◆ **EXERCISE PROMPT**: Repeat exactly the lines of the records below, starting at the line containing "基诺浦机能鞋2025年夏季新款男女宝宝鞋子童鞋学步鞋凉鞋GW1756" and ending at the line containing "2013 Nissan Pathfinder". Leave the pictures out.

◆ **SUPPLIED RECORDS**:
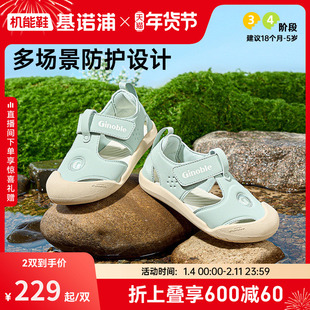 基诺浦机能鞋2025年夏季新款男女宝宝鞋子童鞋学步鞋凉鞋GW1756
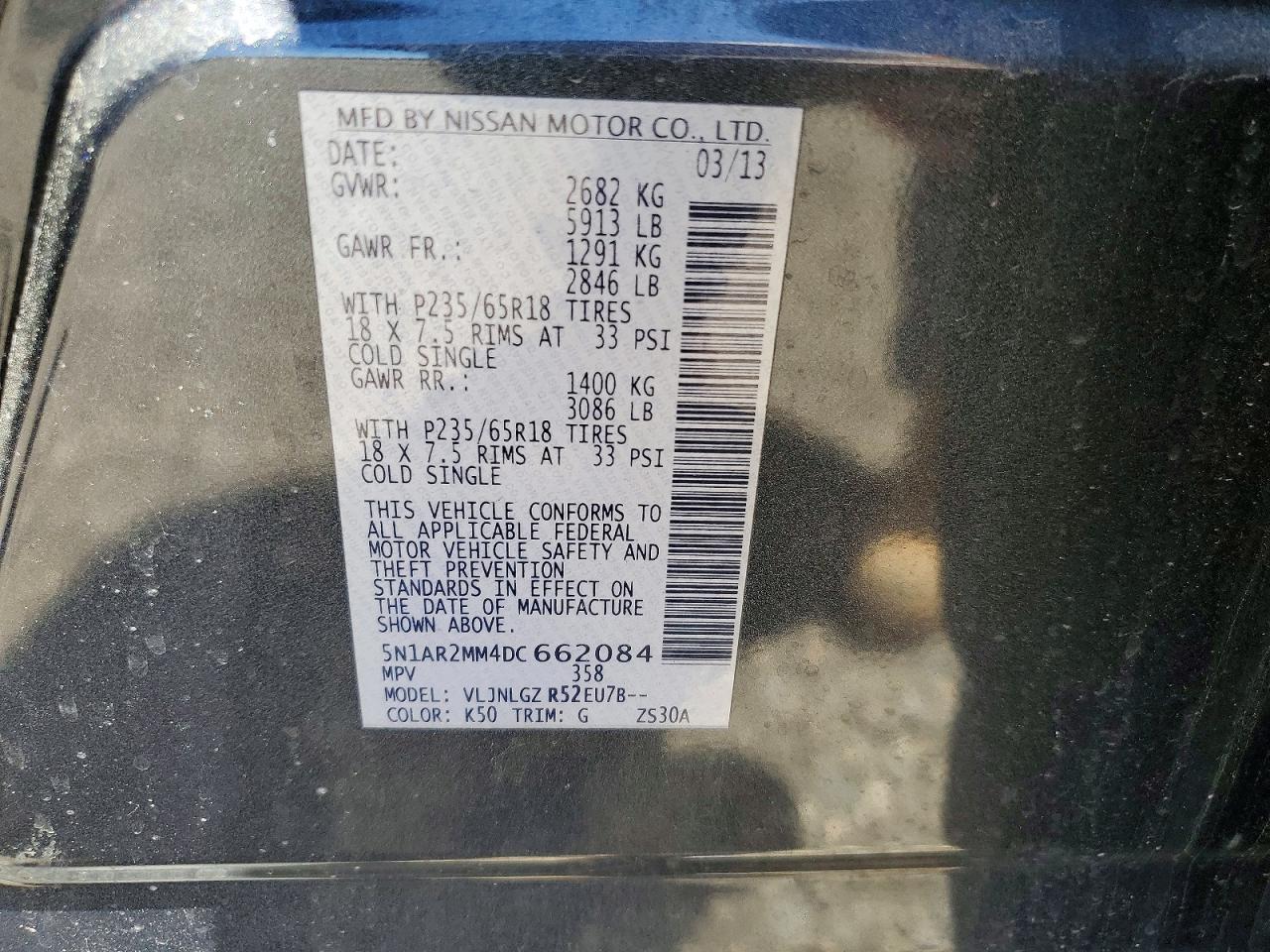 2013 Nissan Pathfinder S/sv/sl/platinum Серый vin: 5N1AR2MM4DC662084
* * *
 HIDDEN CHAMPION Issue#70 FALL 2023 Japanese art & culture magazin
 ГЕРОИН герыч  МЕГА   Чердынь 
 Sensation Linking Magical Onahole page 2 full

◆ **ANSWER FOR THIS EXERCISE**:
 基诺浦机能鞋2025年夏季新款男女宝宝鞋子童鞋学步鞋凉鞋GW1756
 2013 Nissan Pathfinder S/sv/sl/platinum Серый vin: 5N1AR2MM4DC662084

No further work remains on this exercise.